This is me, to Patrick, at least several times a day during our Croatian week after we decided to spend a day of our time slipping over the border to Montenegro because, well, neither of us had been and it seemed a good excuse to get a new country under our belts. Except the problem for Patrick was he is
cursed blessed with a sister who likes to sing songs based on places she’s traveling to, even if no such song exists so one has to modify a James Taylor one about Mexico. And thinks knowing all the words to the song is overrated, so she bursts out with random snippets at random times.
“Ooooh, Montenegro- it sounds so simple I just got to go…”
At 7am we pile bleary-eyed into a minivan in Dubrovnik and head towards the third-youngest country in the world, which has only been a country since 2006. The former Yugoslavia is interesting in that what used to one country is now seven, and each has a border crossing in place which just plain never existed until recent history. This is particularly problematic on the coast during high tourist season, where the line can stretch for kilometers and a crossing can take hours, but our local guide and driver take us on a winding road to a tiny local border crossing instead. No one is there save the bored-looking guards- we are waved through without anyone checking our passports.
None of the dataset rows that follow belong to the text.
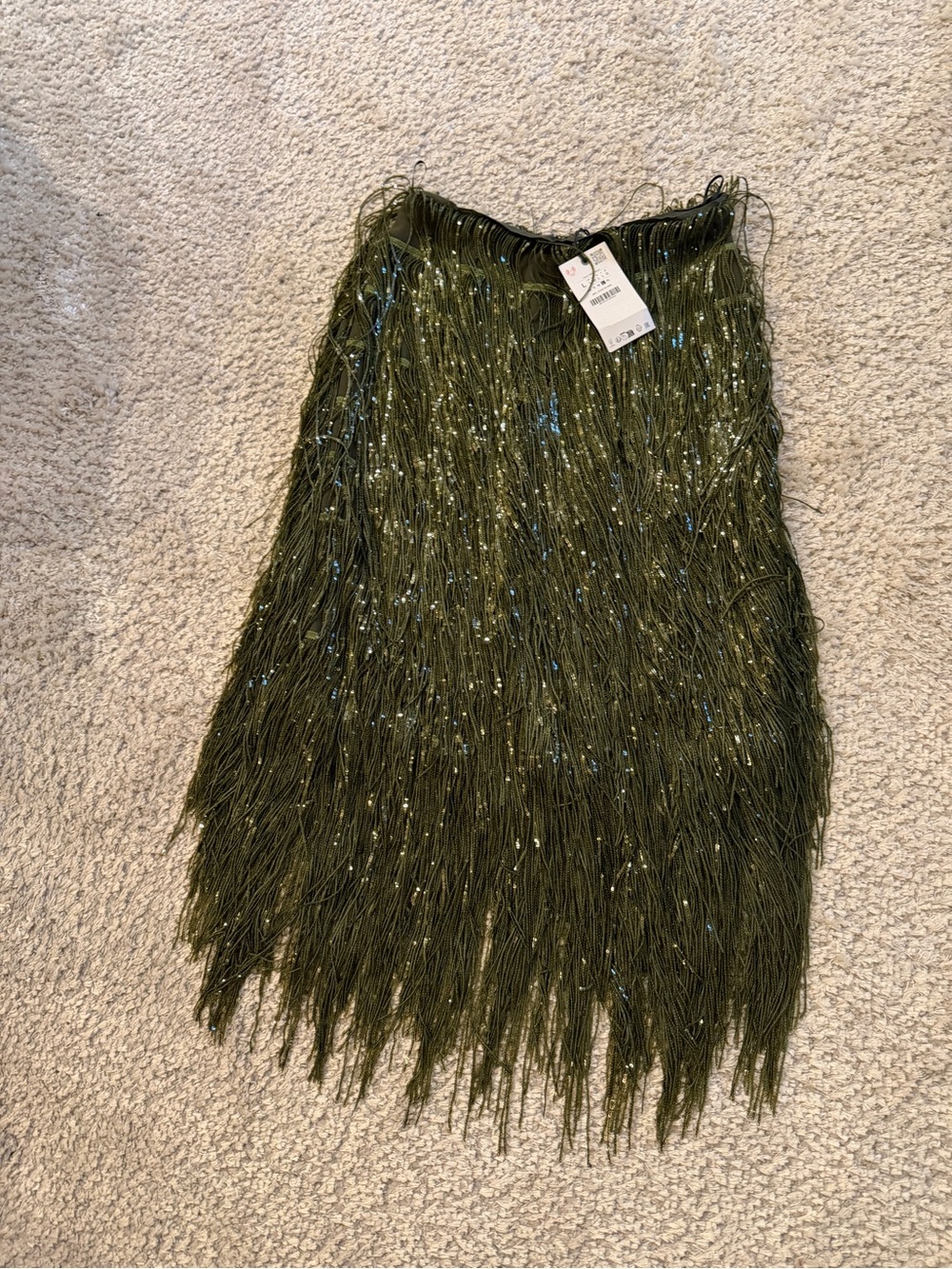 Zara Olive Green Fringe Sequin Midi Skirt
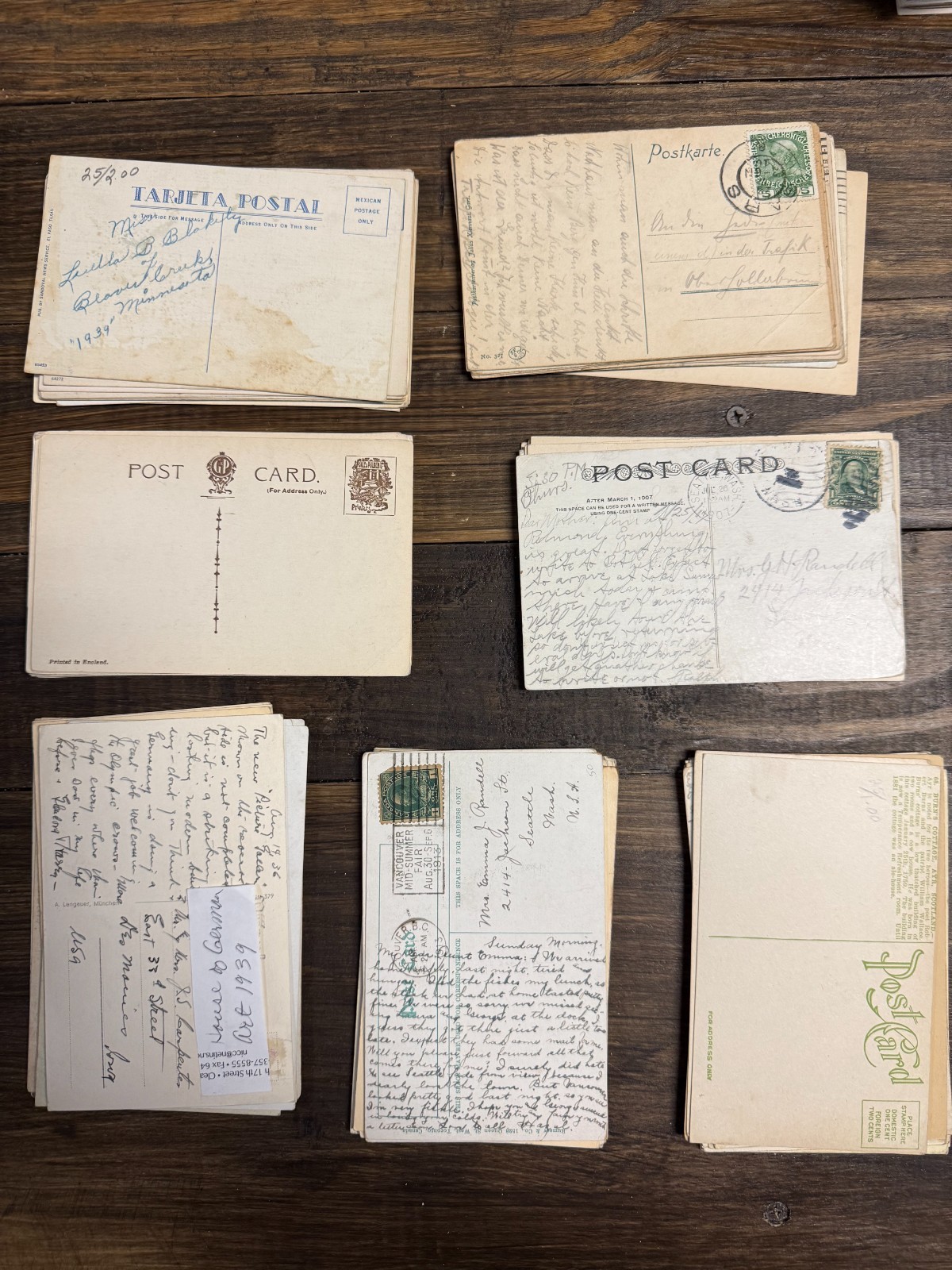 300 Vintage Postcards Lot Pre-1945 Mixed States Countries Topics – No Chrome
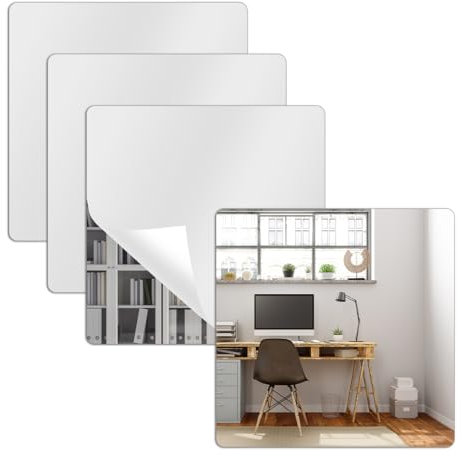 4 Stück Spiegel Zum Aufkleben, Klebespiegel für Die Wand Selbstklebende Spiegel Klebespiegel für Schrank Spiegel Aufkleber Klebe Spiegelfliesen Spiegelwand für Badezimmer, Schlafzimmer (20 x 20cm)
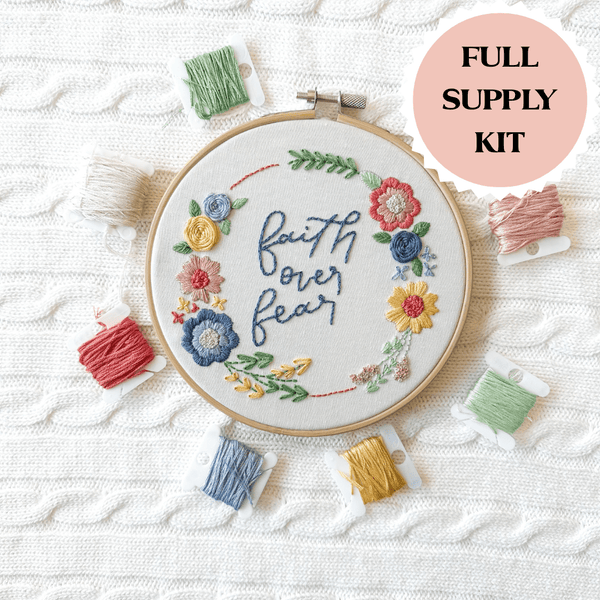 ellyandgrace Embroidery Kit Faith Over Fear Embroidery Kit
For such a small country, Montenegro has a disproportionate amount of beauty in it: we spend the day around the Bay of Kotor, a giant fjord which takes well over an hour to drive around but has a ferry at its most narrow point to dramatically cut down on travel time. Someday there will surely be a bridge built here instead (when the European Union sends a donation), though many of the tourists wish that would happen sooner instead of later after seeing typical ferry operations in this part of the world-
Our favorite place here is the town of Kotor itself- much of the Montenegran coast is dominated by neuveau riche Russians and the development that entails, but Kotor is a lovely old Venitian trading center with forts and fortifications running into the surrounding mountains which protected it from the Ottomans (who impressively never took it over). We wander through narrow alleys between squares named things like Flower Square and Weapons Square after what was sold there long ago, and ponder how had they kept up with this convention the squares would be now called things like iPhone Square and Souvenirs Made in China Square. It’s probably best the place is under UNESCO protection and they can’t actually do this.
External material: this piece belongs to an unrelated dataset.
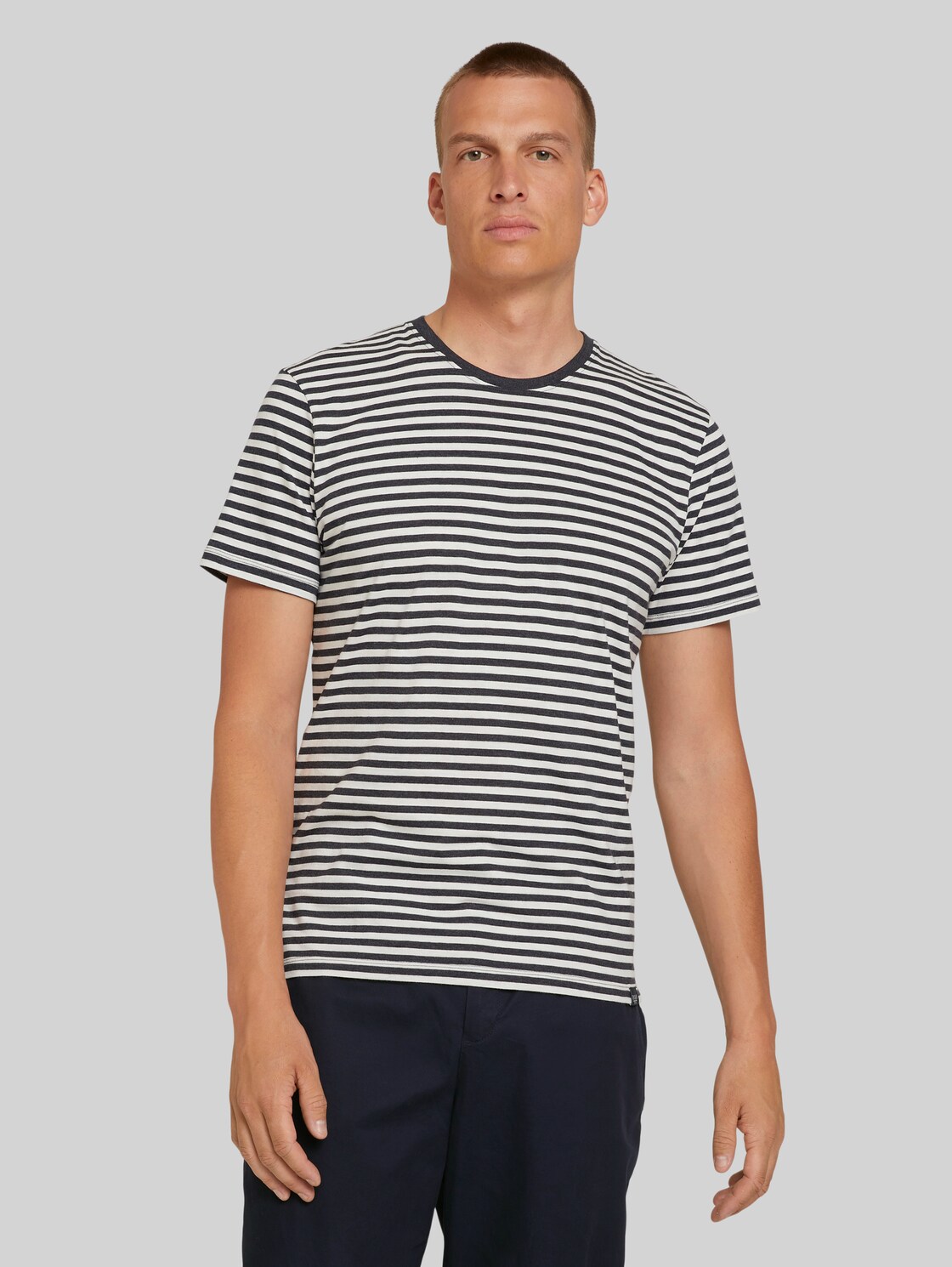 TOM TAILOR Gestreiftes T-Shirt mit Bio-Baumwolle, Herren, navy melange stripe, Größe: XXL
Someday, I think, it would be very nice to return to Kotor and climb around the fortifications on the hillsides at leisure. Followed by a lot of time at this store, where I could clearly spend an entire vacation-
“Oooooh, down in Montenegro- it sounds so sweet with the sun sinking low…”
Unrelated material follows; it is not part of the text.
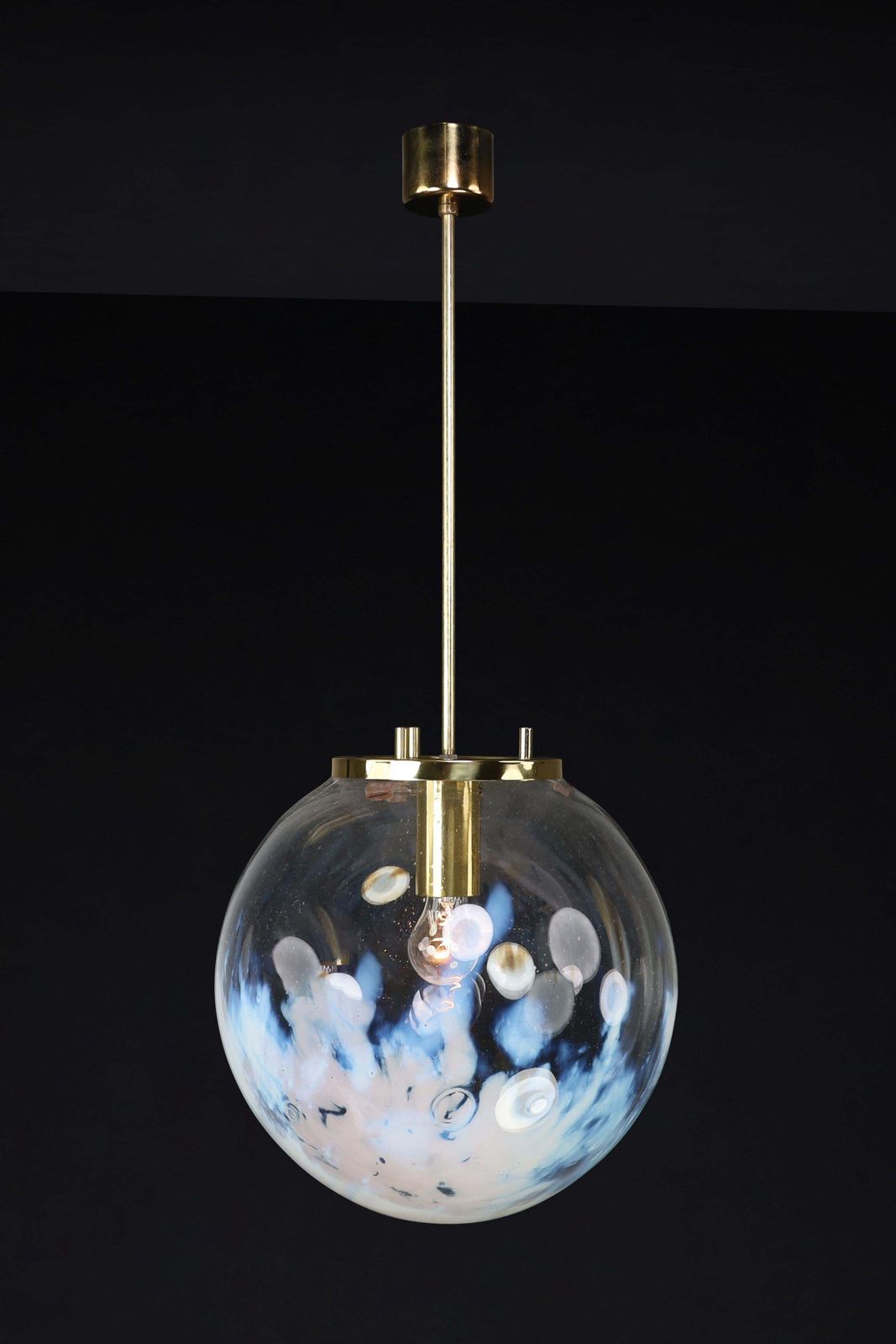 Mid Century Modern Pendant In Brass And Art Glass With White Streaks, Cz 1970s photo buy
After a day of wandering and my insistence of doing the two things want to do in every country to prove I’ve been (have a local beer, and find a geocache), we pile back into the minivan for the return to Dubrovnik. We are once again waved through without questions at the forlorn border crossing, and Patrick and I enjoy one last dinner of wine and fresh seafood in Croatia. Tomorrow I will fly back to Amsterdam and Patrick will fly to the USA a week later- not to get away from his sister’s singing but rather because he will start a new job there in a few weeks. So while our next adventure together will have to wait a while, we are glad we found a great way to end this one.